With one exception, all of these renegade programs are represented as ethnic characters.  Asian or black, they are minorities symbolically and literally.  The one exception is the program-virus known as Mr. Smith.  A former agent of the Matrix, Smith has found a way to replicate himself without authorization.  He is able to turn any other inhabitant of the Matrix into a clone of himself.  When he does this to a black person he is actually turning them white.  Mr.

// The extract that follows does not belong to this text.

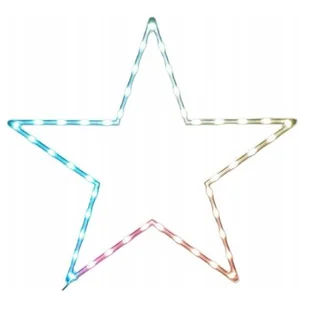 Gwiazda CHRISTMAS DECORATION 60 cm - Ozdoby bożonarodzeniowe - miniaturka - grafika 1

Smith wears an all black suit and the special effect chosen to show his viral attack is shiny black protoplasm.  A character is engulfed in shiny blackness and then becomes white.  It is not surprising that the agents of the Matrix are white since it is revealed that the Matrix was created by a master-program known as the Architect.  The Architect is embodied as an elderly white man with a white beard sitting behind a desk.  In the final scenes of the film, blackness disappears from the screen almost completely.  Neo, Trinity, the Architect, Mr. Smith, and other agents are the characters left to wrap up the plot.  Throughout the movie the black characters are shown as secondary and in the final moments of the film they become obsolete.  Having helped Neo to his goal they sit back and let the white characters decide the fate of the world.

The last program worth discussing is the Twins.  These characters may actually be two programs but it is more likely a single program embodied as two identical twins.  The Twins are hyper-racial.  Their skin is bleached, their hair frosted white, and their features pale.  However, they have dreadlocks and carry straight-razors. What I find interesting about them is the use of a hairstyle associated with black nonconformists or Rastafarians to make a hyper-white character seem more grotesque and menacing. They are an interesting pair of characters in a film where white and black mean so much.

While reading non-critical reviews of the film written by viewers I was surprised at how few people found the black cast of The Matrix Reloaded to be unusual or indicative of anything extraordinary.  Many people noticed it, while a few claim to be so color-blind that they did not, but the ones who were aware of the racial undertones of the film mostly thought it was a “step in the right direction.”  It was often mentioned that by diversifying the cast the movie was somehow made more realistic and that the presence of black characters was by itself enough to balance the racial narratives of the movie.  Those who did not think the balance of race was good usually cited weak reasons for their claim.  Some said that it was not realistic, either in the sense that it did not reflect the racial percentages of our society, or that it was not realistic given the groundwork set forth by the plot of the film itself.  Regardless, I see the issues of race in The Matrix Reloaded not as issues of realism or plausibility, but as issues of control.  Hollywood subverts even seemingly diverse films with its narratives of racial inequality.


hooks, bell. Black Looks: Race and Representation. Boston: South End Press, 1992.

Guerrero, Ed. Framing Blackness: The African American Image in Film. Philadelphia: Temple University Press, 1993.